Earlier this month, I had the privilege of joining a remarkable cohort of multicultural leaders as a Fellow of the 2025 Dr John Yu Fellowship, held at the University of Sydney Business School.
It was three days of deep reflection, energising dialogue, and courageous conversations about who we are, how we lead, and what it really means to bring cultural identity into leadership spaces.
Despite having worked in the field of inclusion and cultural diversity for more than two decades, my time in the Fellowship still surprised and moved me in ways I didn’t anticipate.
It asked me to look inward, not just outward. To question how I show up, not just what I advocate for.
A Moment of Discomfort
There was one moment that stayed with me.
One of our facilitators, the brilliant Dr Tim Soutphommasane, reflected on his time as the Race Discrimination Commissioner and the silence that so often follows conversations about cultural diversity in Australia, especially when it comes to leadership. The lack of urgency. The invisibility of the issue. The missing voices.

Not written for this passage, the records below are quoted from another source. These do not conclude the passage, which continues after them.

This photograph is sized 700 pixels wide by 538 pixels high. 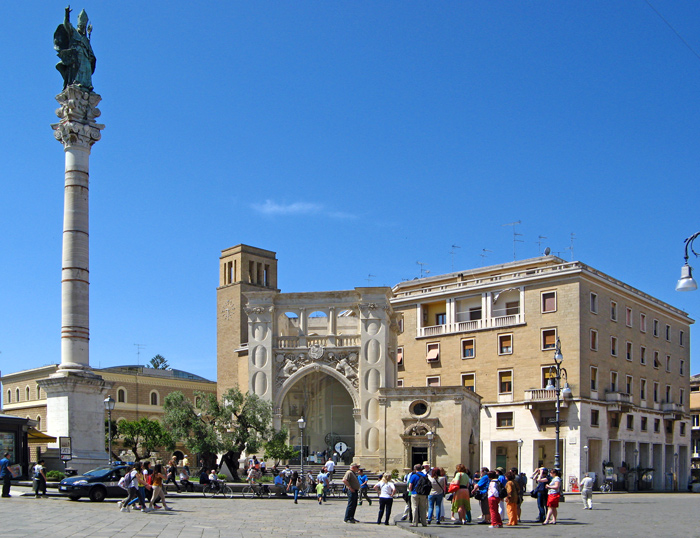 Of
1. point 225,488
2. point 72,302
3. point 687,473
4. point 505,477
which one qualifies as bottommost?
point 687,473

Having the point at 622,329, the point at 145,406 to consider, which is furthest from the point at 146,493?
the point at 145,406

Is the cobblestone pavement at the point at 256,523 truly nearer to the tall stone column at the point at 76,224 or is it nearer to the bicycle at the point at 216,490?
the bicycle at the point at 216,490

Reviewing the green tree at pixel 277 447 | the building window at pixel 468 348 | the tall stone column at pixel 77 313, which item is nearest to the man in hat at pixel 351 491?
the tall stone column at pixel 77 313

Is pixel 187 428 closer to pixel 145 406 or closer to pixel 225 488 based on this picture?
pixel 225 488

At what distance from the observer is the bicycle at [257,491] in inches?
1410

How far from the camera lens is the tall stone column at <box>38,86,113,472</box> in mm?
35656

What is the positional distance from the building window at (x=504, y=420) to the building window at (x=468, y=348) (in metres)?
4.69

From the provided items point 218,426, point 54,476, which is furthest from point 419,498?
point 218,426

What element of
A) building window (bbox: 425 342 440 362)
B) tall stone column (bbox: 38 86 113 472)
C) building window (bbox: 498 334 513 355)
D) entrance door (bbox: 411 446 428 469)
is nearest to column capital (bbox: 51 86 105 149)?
tall stone column (bbox: 38 86 113 472)

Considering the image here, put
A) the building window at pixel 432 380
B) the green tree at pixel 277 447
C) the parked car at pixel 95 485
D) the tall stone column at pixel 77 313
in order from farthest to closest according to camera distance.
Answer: the building window at pixel 432 380
the green tree at pixel 277 447
the tall stone column at pixel 77 313
the parked car at pixel 95 485

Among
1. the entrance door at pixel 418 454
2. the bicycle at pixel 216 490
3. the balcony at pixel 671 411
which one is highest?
the bicycle at pixel 216 490

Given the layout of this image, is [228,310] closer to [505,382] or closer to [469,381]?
[469,381]

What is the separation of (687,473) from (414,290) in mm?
24847

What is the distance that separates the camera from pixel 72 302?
37.0m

I felt a pang of discomfort. Here I was, a daughter of migrants, a professional dedicated to building inclusive, human-friendly workplaces and yet, I had to ask myself: Have I always used my voice loudly enough? Have I challenged exclusion where it lives, not just where it’s obvious? Have I been complicit in the silence, even when I thought I was doing the work?
That moment was humbling and necessary. Only days later we’re seeing protest rallies calling for the remigration of non-European peoples and a brewing anger that feels a lot like a hot spark that could ignite a powder keg. So what are we going to do about it now? Silence will not help sanity prevail.
Leading with Cultural Identity
Growing up, I didn’t see many people who looked or sounded like me in positions of power. I didn’t imagine myself as a CEO, or a lawyer, or a board chair. I certainly didn’t imagine I’d one day be speaking on global stages about inclusion, or building sponsorship programs for underrepresented talent.
That’s the power of visibility. When we see someone who looks like us leading, it unlocks something. It makes space. It shows us what’s possible.
The Dr John Yu Fellowship reminded me how much that still matters especially in a country where boardrooms, newsrooms, and parliaments are still far from representative of the communities they serve. The 2025 Board Diversity Index from AICD and Watermark confirms just how far we still have to go:
- 91.9% of ASX 300 board seats are held by directors from Anglo-Celtic backgrounds, up from 91.2% the year before
- Just five directors across the entire ASX 300 openly identify as Aboriginal or Torres Strait Islander, holding only seven positions in total
So, while gender diversity shows slow and steady progress, broader cultural diversity is stagnating or even going backwards. We need both top-down and bottom-up leadership to shift this.
Boardrooms must open space for new voices. Communities must nurture future leaders. And all of us must step up to ensure visibility is matched with opportunity and different voices are given space to be heard.
What I’m Taking Forward
This experience reaffirmed my commitment to:
- Champion the visibility of multicultural leadership not as an afterthought, but as a strategic advantage
- Help organisations build pathways that make career progression possible for those who have historically been excluded
- Use my platform to challenge the silence and invite others to speak, share, sponsor and advocate
- Hold space for conversations that are sometimes uncomfortable but always necessary
Because leadership isn’t just about what you know. It’s about how you make others feel seen. And if we want organisations to be more human, they need to reflect all of humanity.
Final Thought
I’m incredibly grateful to the team at the University of Sydney Business School and the visionary facilitators of the Fellowship for creating a space where we could be honest, challenged, and inspired.
To my fellow Fellows thank you for your wisdom and courage. To those reading this who’ve ever felt like leadership wasn’t for “people like you” (like I did for so long) please know, you belong. We need your voice, especially now. And the future is stronger when it includes all of us.
Let’s keep making the invisible visible.